Yo shot gun I would rather after 18 beers try and spray a tree or two. I too have been screwed by people not signing up for camps. I hate to say it but I think a permit system is in need on Ruby.... I know I will be bashed but it is getting TRASHED


----------



## Shiryas (Jun 19, 2007)

CUBuff - I have seen the Rangers at Westy enforce the posted rules a fair bit, especially the lifejacket requirements. I don't think this is out of line in the least, I think those guys just do not want to see one more fatality. 

The rules are posted and the expectations known. If you follow them, its 'your' trip that is going to go a lot smoother.

Fuzzy - I live on the western slope and run Ruby/Horsethief a lot, with a Westy tie in as much as possible.
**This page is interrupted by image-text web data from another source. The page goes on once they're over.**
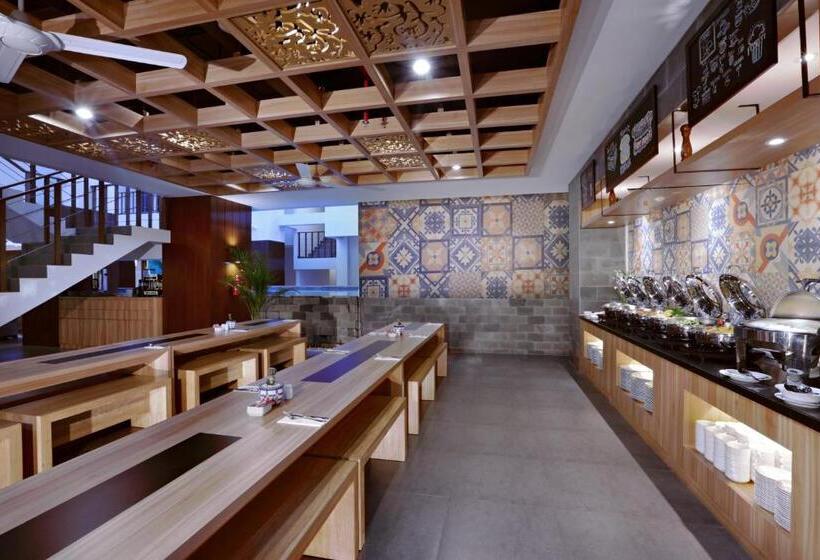 Fame Hotel Sunset Road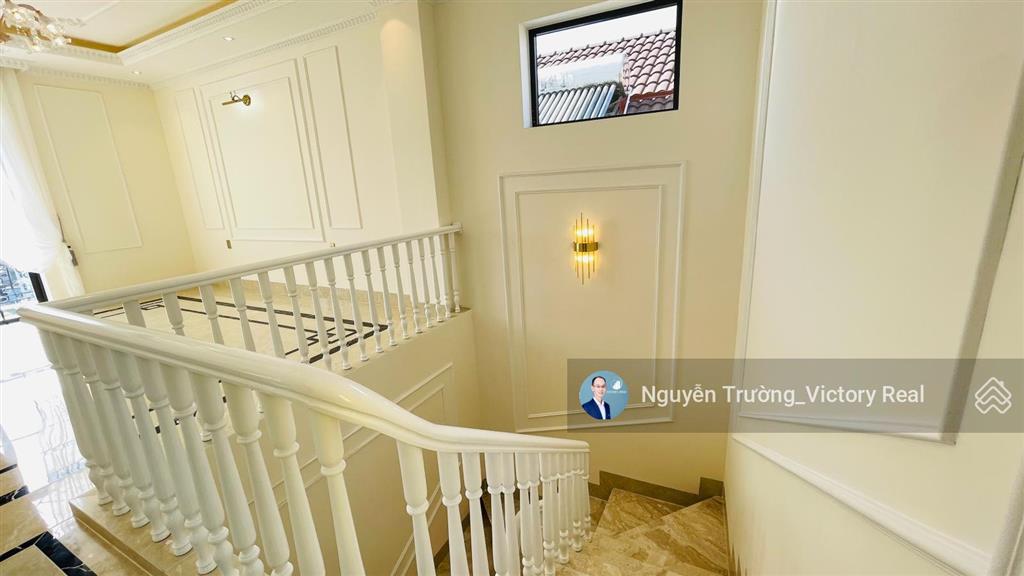 Chính chủ bán villa mặt tiền trung tâm đà lạt 4pn, 3 tầng, cách 1km hồ xuân hương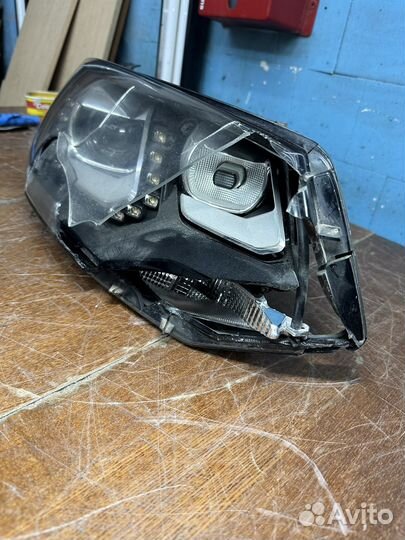 Фара правая VW Touareg 2 NF (10-14) ксенон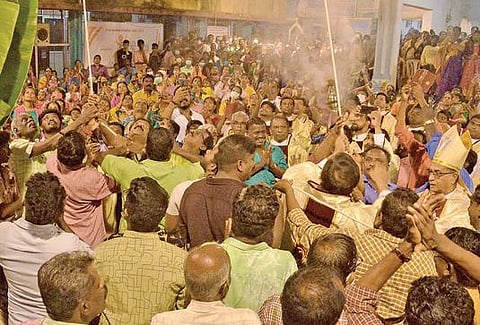 பாளையங்கோட்டை தூய சவேரியார் பேராலய திருவிழா கொடியேற்றம் முன்னாள் ஆயர் ஜூடு பால்ராஜ் தலைமையில் நேற்று மாலை நடைபெற்றது. படம்: மு.லெட்சுமி அருண்.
I sure hope it does not come down to permits for that section but you are right it is getting trashed and I think it will be that way real soon. If thats what it takes to keep it nice, I'm with you, so be it.


----------



## Ponderosa (Jan 25, 2008)

Seems pretty simple to me. If _everyone_ follows the existing rules without complaint, there is no need for a permit process. It's really not that hard to throw in a firepan (whether you think it is BS or not), shit in a box, and sign up for your camp is it? Who really wants to be on the phone all morning hoping you get through to get a permit for a trip two months down the road? Not me. Carry the required gear, sign up for your camp, treat the Rangers with respect, and you shouldn't have any problems. Works for me every year. The last thing we need is another permitted section of river.


----------



## Dave Frank (Oct 14, 2003)

The only time i've been hassled by the rangers, I felt it was totally in line.

They tend to be pretty cool if you respect them. If you look like a floating yard sale, you should expect to be hassled. Your respect will earn theirs.
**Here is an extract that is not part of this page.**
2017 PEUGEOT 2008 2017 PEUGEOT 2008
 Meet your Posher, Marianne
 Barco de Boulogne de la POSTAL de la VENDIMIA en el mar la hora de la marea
Not signing up for camps can not be accepted. It throws everybody off.


----------



## CUBuffskier (Jul 7, 2005)

don't get me wrong i'm not an advocate of not signing up for camps - i'm just saying sometimes circumstances come up when it is not possible (example this year with the sign under water). it is also very possible that in a lot of sections of river that people unintentionally miss there campsite for various reasons. 
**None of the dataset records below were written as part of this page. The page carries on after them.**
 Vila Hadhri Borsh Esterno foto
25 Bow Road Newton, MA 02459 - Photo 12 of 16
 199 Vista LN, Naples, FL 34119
people need to chill when they get out there its not like you checked into a 5 star hotel - pull up your raft, pull a beer out and enjoy the awesome canyons and SHARE


----------



## Fuzzy (May 25, 2005)

Shiryas- Love to connect the two I have always dreamed of running Ruby through Cat with a pizza and ice stop in Moab. That would be a great month!!


----------



## dgosn (Sep 8, 2006)

*permitting*



CUBuffskier said:


> shiryas you obviously have yet to encounter some of these pricks who call themselves rangers out there around westy
> 
> common outdoor sense should be all that is needed on stretches like this



I can't agree that the rangers are dicks. I have been down both stretches many times, and have one problem with the rangers. The one time I had a problem was when we rolled a party barge to WW launch (from loma) and met the rest of out group. Ranger lady took exception the nakedness, keg, and general debauchery we were involved with. We definitely deserved the hassle and scrutiny we received.

If the ranger hassles you, the either you look like an inflatable yard sale, or have a history of problems. How would you treat your job when you had to argue with people about no life jackets, groovers, or firepans? Beside how can you take Alvin seriously with a 70's porn mustache?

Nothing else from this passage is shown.